Ir al contenido principal

This is my blog, more about me at marianoguerra.github.io

🦋 @marianoguerra.org 🐘 @marianoguerra@hachyderm.io 🐦 @warianoguerra

Riak Core on Partisan on Elixir Tutorial: Migrating Data with Handoff

Previous post: Riak Core on Partisan on Elixir Tutorial: We can make a Key Value Store out of that.

We are going to implement handoff by completing some of the remaining callbacks in our vnode.

Why? if a node dies and another takes his work or if we add a new node and the vnodes must be rebalanced we need to handle handoff.

The reasons to start a handoff are:

  • A ring update event for a ring that all other nodes have already seen.

  • A secondary vnode is idle for a period of time and the primary, original owner of the partition is up again.

When this happen riak_core will inform the vnode that handoff is starting, calling handoff_starting, if it returns false it’s cancelled, if it returns true it calls is_empty, that must return false to inform that the vnode has something to handoff (it’s not empty) or true to inform that the vnode is empty, in our case we ask for the first element of the ets table and if it’s the special value $end_of_table we know it’s empty, if it returns true the handoff is considered finished, if false then a call is done to handle_handoff_command.

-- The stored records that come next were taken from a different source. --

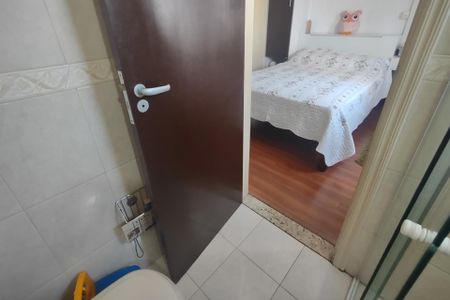 Apartamento à venda com 85m², 3 quartos e 2 vagas Apartamento à venda com 85m², 3 quartos e 2 vagasBanheiro da Suíte 1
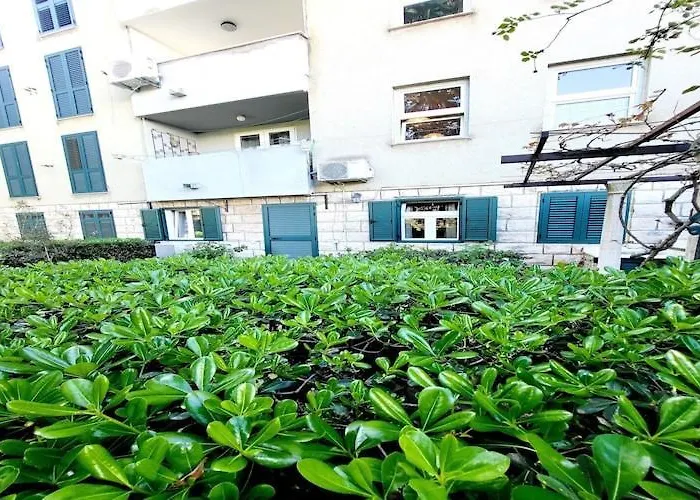 Terrace I Ντουμπρόβνικ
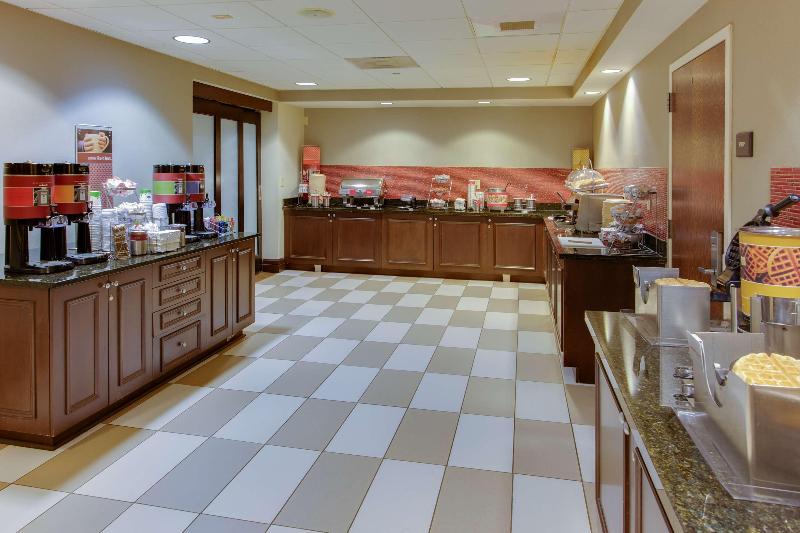 Hampton Inn Garden City Long Island - Restoran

The fold_req_v2 macro is defined in the riak_core_vnode.hrl header file as riak_core_fold_req_v2 which we include using the Record module.

This function must iterate through all the keys it stores and for each of them call foldfun with the key as first argument, the value as second argument and the latest acc_in value as third.

The result of the function call is the new acc_in you must pass to the next call to foldfun, the last accumulator value (acc_final) must be returned by handle_handoff_command.

For each call to foldfun(k, v, acc_in) riak_core will send it to the new vnode, to do that it must encode the data before sending, it does this by calling encode_handoff_item(k, v), where you must encode the data before sending it.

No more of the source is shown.